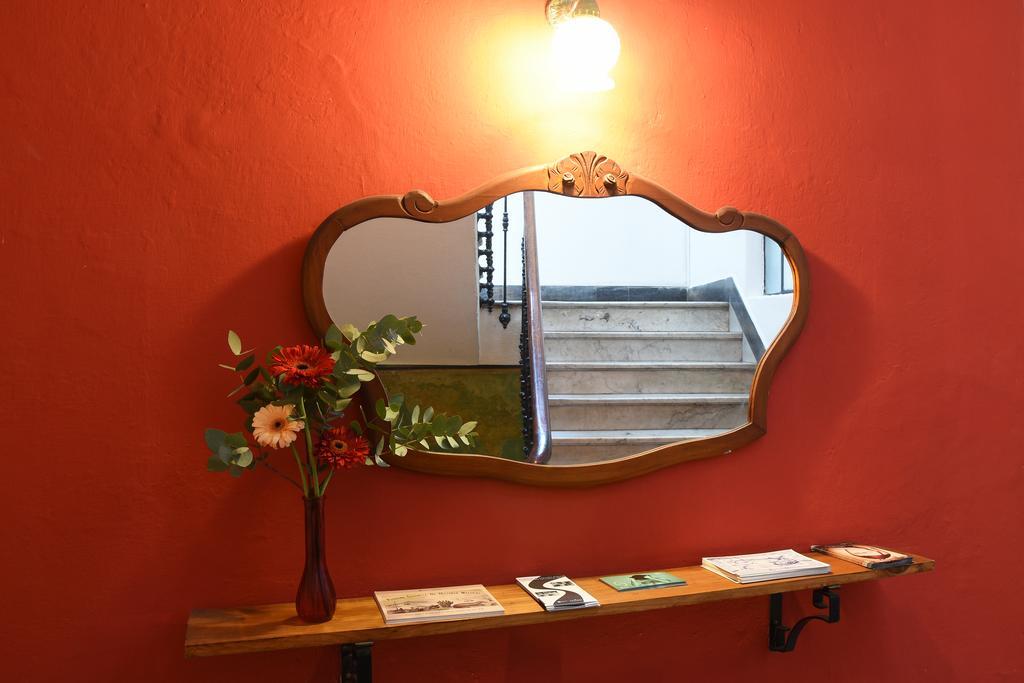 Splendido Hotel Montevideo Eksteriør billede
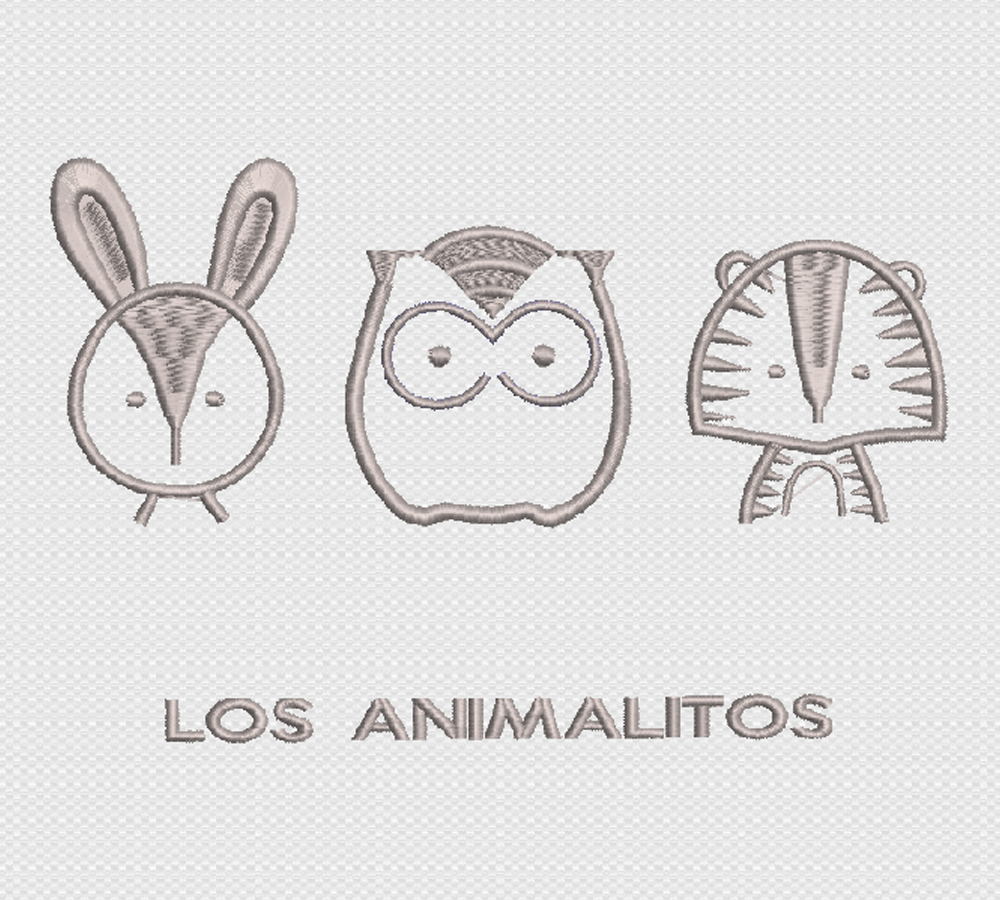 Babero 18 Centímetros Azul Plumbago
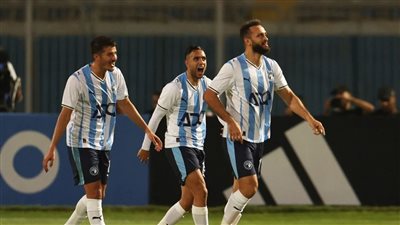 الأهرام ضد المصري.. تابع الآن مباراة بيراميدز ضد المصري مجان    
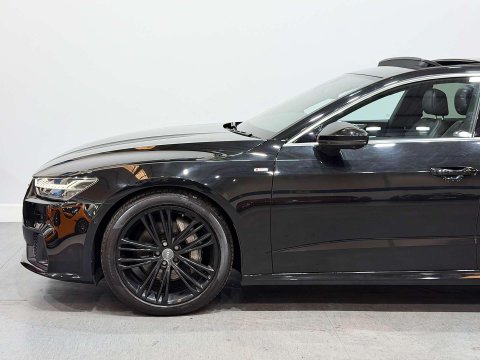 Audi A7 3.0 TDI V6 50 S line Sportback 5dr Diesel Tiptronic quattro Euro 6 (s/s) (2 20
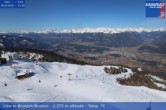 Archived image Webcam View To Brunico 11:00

:::::

From the line with "الأهرام ضد المصري.." through the last line of the entries above, transcribe everything exactly, both ends included, but not the pictures.

Answer area —
 الأهرام ضد المصري.. تابع الآن مباراة بيراميدز ضد المصري مجان    
 Audi A7 3.0 TDI V6 50 S line Sportback 5dr Diesel Tiptronic quattro Euro 6 (s/s) (2 20
 Archived image Webcam View To Brunico 11:00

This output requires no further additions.